Personal information
- Full name: Shani Bloch-Davidov
- Born: 6 March 1979 (age 47) Israel
- Height: 162 cm (5 ft 4 in)
- Weight: 59 kg (130 lb)

Team information
- Current team: Team VéloCONCEPT Women
- Role: Rider and Sport Director

= Shani Bloch =

Israeli cyclist (born 1979)

Shani Bloch (שני בלוך) also known as Shani Bloch-Davidov (שני בלוך-דוידוב; born 6 March 1979) is an Israeli racing cyclist.

Bloch is the first Israeli road cyclist to compete in the Grande Boucle Féminine Internationale, Giro d'Italia Femminile, and Road World Championships, and the first Israeli road cyclist to compete in the Olympic Games since 1960. After taking off a decade to raise a family, at the age of 37 she represented Israel at the 2016 Summer Olympics in the 141 kilometer (87.6 mile) Women's Road Race in Rio de Janeiro.

==Personal life==
Bloch is from Kiryat Bialik in the Haifa District in Israel. She served as a combat fitness instructor for Sayeret Matkal in the Israel Defense Forces. She then studied and obtained a B.A. at the Wingate Institute.

Bloch and her husband, project manager and university professor Shai Davidov, have three daughters, Noga and twins Rotem and Amit.

==Bicycle racing career==
===Early years===
Bloch is the first Israeli road cyclist to compete in the Grande Boucle Féminine Internationale, Giro d'Italia Femminile, and UCI Road World Championships, and the first Israeli road cyclist to compete in the Olympic Games since 1960. She is a four-time Israeli Road Champion.

Bloch began riding with the Israeli Megiddo Regional Council team, with Yair Ben-Ami as her trainer.
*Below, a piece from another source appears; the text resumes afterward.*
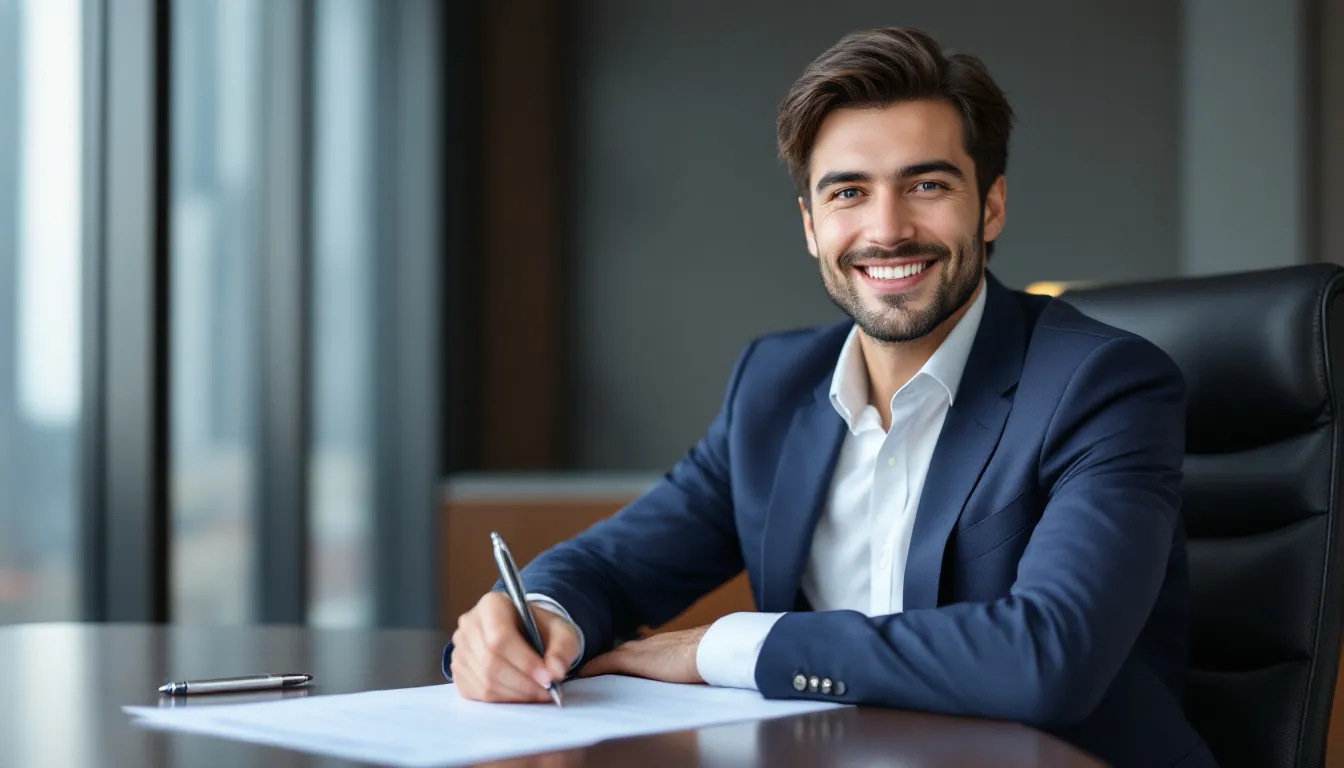 A young professional business loan broker stands confidently, exuding optimism about their future as they partner with a trusted commercial loan brokerage. This image conveys the importance of building relationships and gaining experience in the field of business financing, essential for becoming a successful loan broker.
Her coaches in 2016 were Zahi Boignon and Ilan Ulman.

She was the Israeli cross-country high school champion in 1994–96.

She placed high in the under-23 category of the 2000 Giro d'Italia Femminile stage race in Italy, and competed in it again in 2001 and 2003.

In 2002, she came in 63rd in the 128k World Championships Women's Road Race in Hasselt-Zolder, Belgium. That same year, Bloch finished in 18th place (3rd place in the under-25s) in the Grande Boucle Féminine Internationale (the women's Tour de France), riding for the Italian team Michela Fanini. She was the first Israeli woman to ride in the competition. In 2003, she came in 39th in the 124k World Championships Women's Road Race in Hamilton, Canada. The following year she rode with the team Equipe Cycliste Rona.

===Comeback===
Bloch retired in 2004 to start a family. She competed in the 2013 Maccabiah Games, winning a silver medal in the women's triathlon. She began competing again in cycling in 2014, after suddenly feeling a desire to return to the competition and adrenaline that attends cycling.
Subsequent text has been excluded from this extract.